Task statement | Type out each record word for word. Pictures stay out.

-------- Data for processing

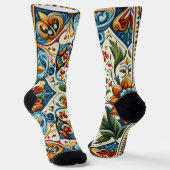 Unisex bemanningsleden Sokken (Gebogen)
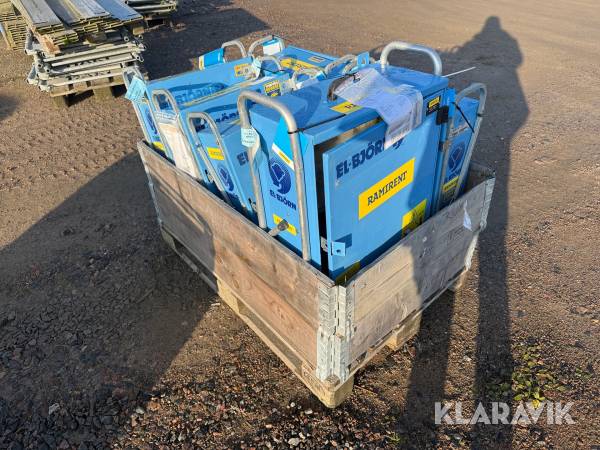 Undercentraler El-Björn UC32 6st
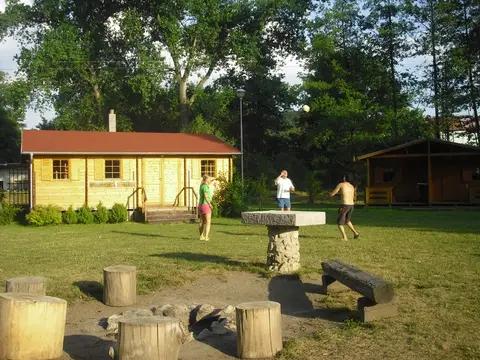 Autocamp Ostrov - Zadní Třebáň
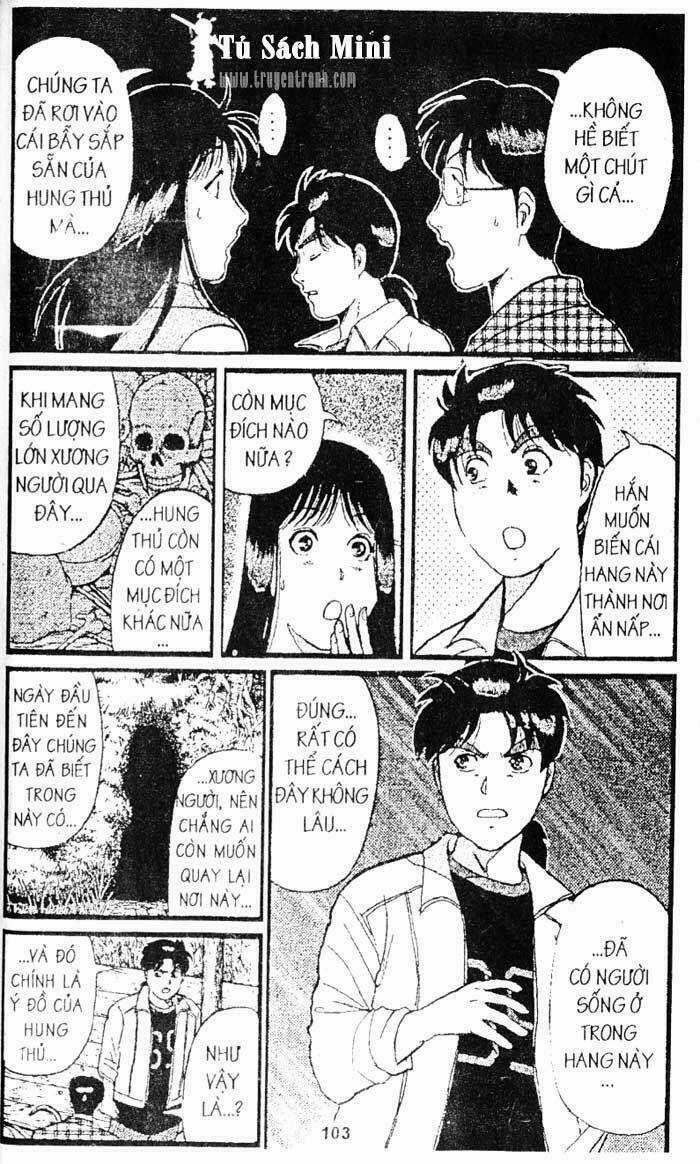 Thám Tử Kindaichi Chapter 127 trang 18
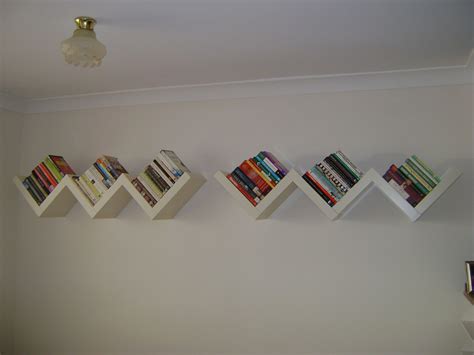 Floating Book Shelves - Ikea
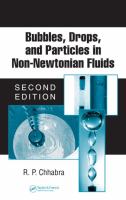 Bubbles, drops, and particles in non-Newtonian fluids /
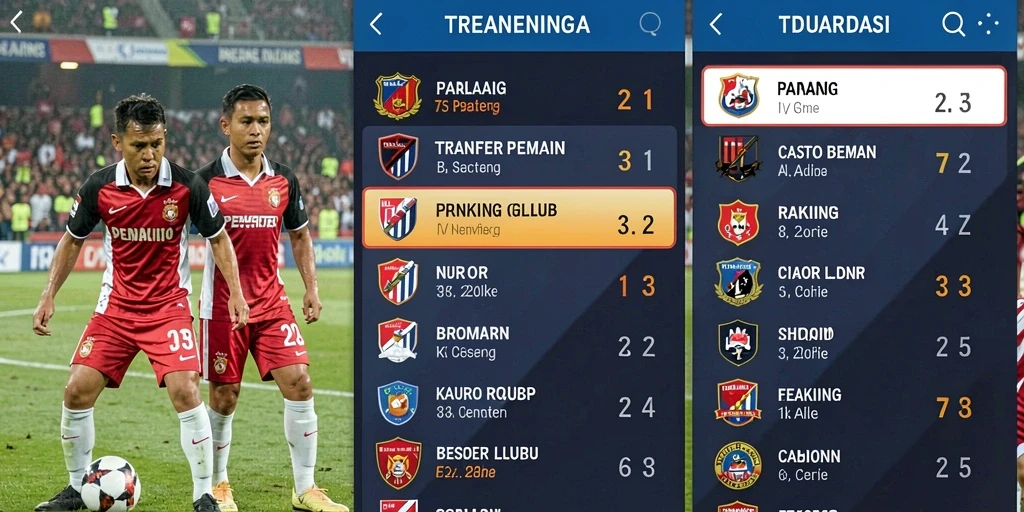 Tampilan awal yang menarik dan user-friendly.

----------------

Task answer |
 Unisex bemanningsleden Sokken (Gebogen)
 Undercentraler El-Björn UC32 6st
 Autocamp Ostrov - Zadní Třebáň
 Thám Tử Kindaichi Chapter 127 trang 18
 Floating Book Shelves - Ikea
 Bubbles, drops, and particles in non-Newtonian fluids /
 Tampilan awal yang menarik dan user-friendly.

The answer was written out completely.